2022年10月14日
於:長野県岡谷市
題字 写植の印字:駒井靖夫(プロスタディオ)
●モリサワの最高機種が現存している!?
筆者は写植を研究しているといえども、モリサワの写植に関してはあまり取り扱ってこなかったため、恥ずかしながら十分な知見を持ち合わせていません。書体見本やカタログなどの紙資料は多少あるのですが、モリサワ書体の文字盤は一枚も持っていない状況が長く続いていました。
しかし2022年に入りモリサワ書体の文字盤をある程度譲って頂いたのをきっかけに、「モリサワの写植についてもきちんと残し、纏めていかなければならない」と思うようになりました。写研については写植の代名詞と言えるほどよく知られた存在ですが、モリサワによる写植とはどのようなものなのかが語られることは写研のそれよりもずっと少なく、残しておかなければ本当に誰も分からなくなってしまうのではないかと思うのです。
モリサワの文字盤の収集を始め、モリサワの写植について少しだけ分かり始めた2022年9月、一通のメールを頂きました。
「現在、モリサワ写植機ROBO 15XY II、ROBO 15XY IIIの文字盤含めた処分を検討しています。処分業者を探していたところこちらのウェブサイトを見ました。約1ヶ月程度を目処に処分をしますが、必要であれば返信ください。」
モリサワの手動写植機は大阪DTPの勉強部屋様所蔵の「MC-6」と、2013年に熊本で取材した時(→写植レポート)にしか見たことがありません。モリサワの写植機の実機が見られる! そしてモリサワの最高機種はどのような場所でどうやって使われていたのだろう。この眼で見てみたい!

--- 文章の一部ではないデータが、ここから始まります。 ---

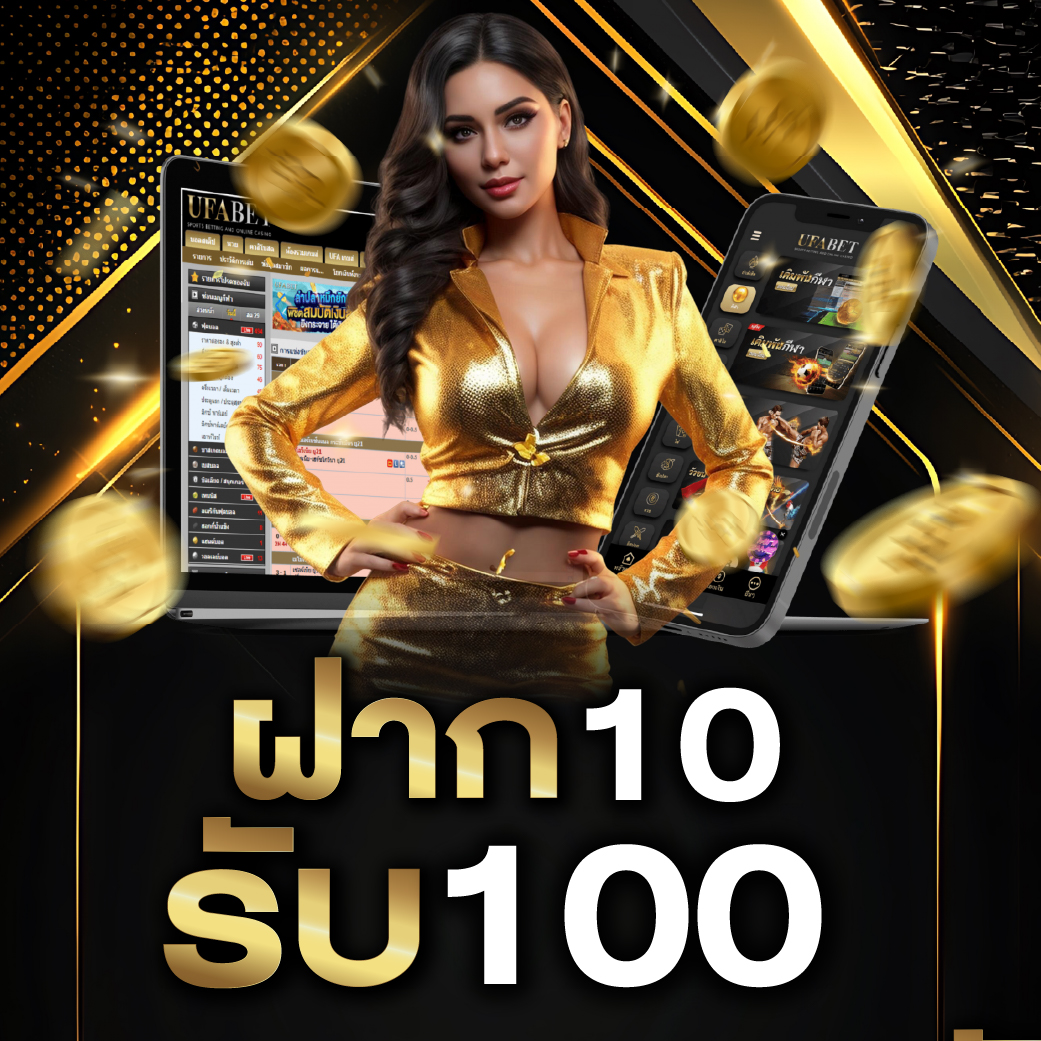 รวมเว็บสล็อต ฝาก 10 รับ 100 ล่าสุด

先方様によると動作確認はできないとのこと。twitter上で譲渡先の募集をかけましたが反応はありません。だからと言って私が引き取ったとしても印字できなかったら元も子もありません。引き取るのは難しい。でも二度と「II」と「III」には会えないかもしれない。会っておいた方がいいんじゃないだろうか。
幸いにも、写植機がある場所は隣県とのこと! 筆者は子供がまだ小さく、家では自分の処理能力を超えて家事育児に専念しておりほぼ“引退”状態なので、活動するには平日に休暇を取るしかありません。平日の取材をお願いしたところ、お時間を頂くことができたので伺うことにしました。
●堂々たる威容
2022年10月14日(金曜日)。
現地へは鉄道で伺いました。数年振りに「特急しなの」に乗り、家人には申し訳ないと思いつつもちょっと旅行の気分を味わいました。よく晴れて暖かく、とても美しい車窓でした。それだけで莫大な解放感がありました。
岡谷駅に到着すると、先方様(以下「Hさん」)が迎えに来てくださり、現地まで案内してくださいました。Hさんは印鑑やゴム印などを扱う、いわゆる「はんこ屋さん」を営まれていて、そこで写植機を使っていたということでした。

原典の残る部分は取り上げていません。